HSV-Trainer Baumgart deutete personelle Änderungen an
Im Detail monierte Baumgart, dass seine Profis, wenn sie über die Flügel mal durchkamen, noch einmal in die Mitte abkappten („Und dann kommt nochmal eine Idee, kommt nochmal ein Haken“), anstatt wie von ihm präferiert die Flanke als bewusstes Mittel einzusetzen. „Und da bin ich im Moment dabei und versuche, das auch für mich zu analysieren: Warum werden die Lösungen, die da sind, nicht umgesetzt?“ Genau dort will Baumgart ansetzen.
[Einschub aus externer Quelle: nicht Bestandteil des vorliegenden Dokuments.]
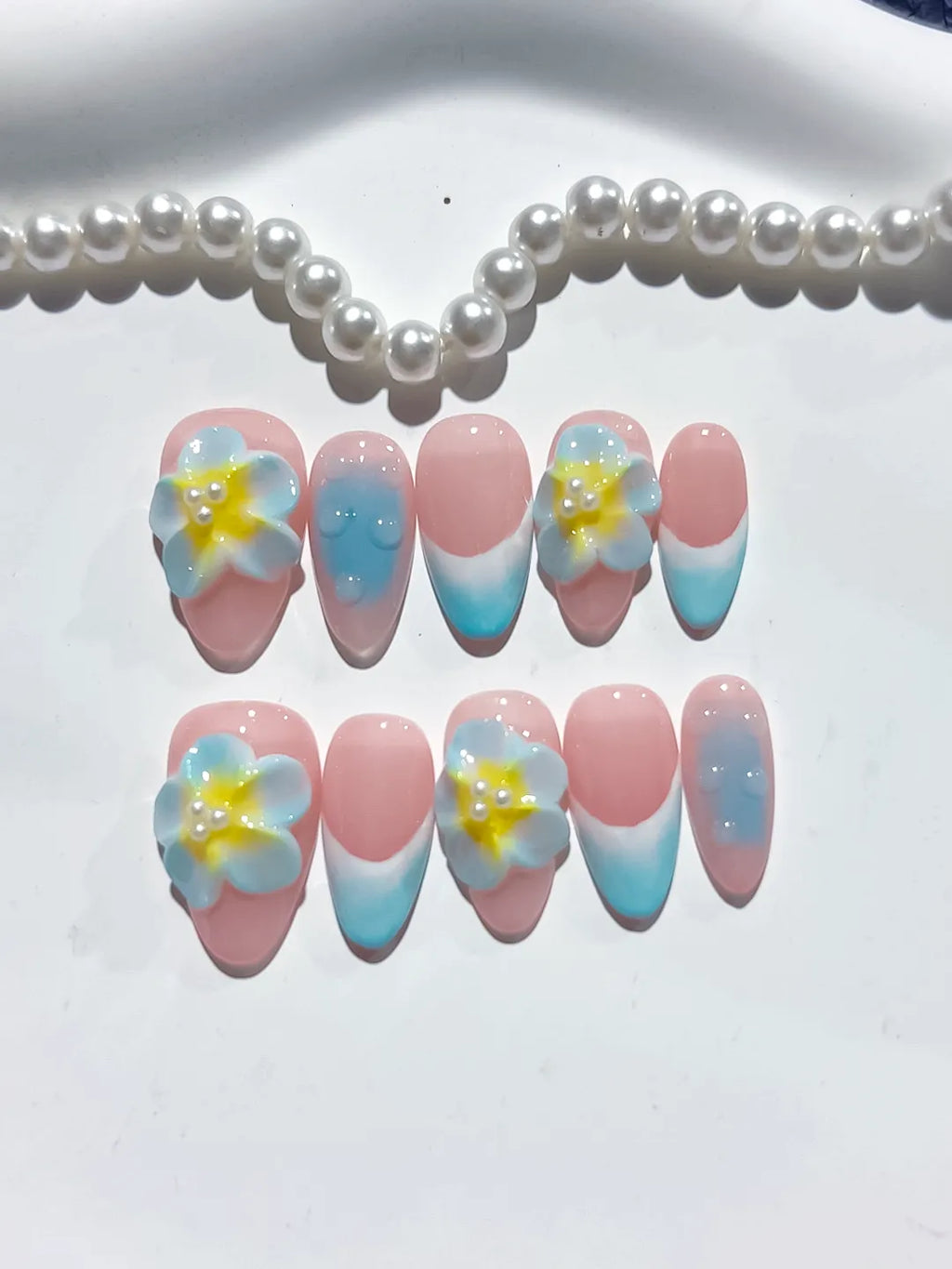 Pink Blue Yellow Ombre Flower press on nails close up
Für die genannte Umsetzung dessen, was er klar vorgebe, womit seine Spieler aber noch zu fremdeln scheinen, sei er verantwortlich. Der von der Harmlosigkeit des HSV überraschte Cheftrainer nimmt sich selbst in die Verantwortung – und deutete, weil er mit einigen Leistungen offenbar explizit nicht zufrieden war, auch personelle Veränderungen an: „Dann müssen die Jungs rauf, die das machen, was ich mir vorstelle, um es deutlich zu sagen.“ Damit der HSV schnellstmöglich auch wieder Offensive kann.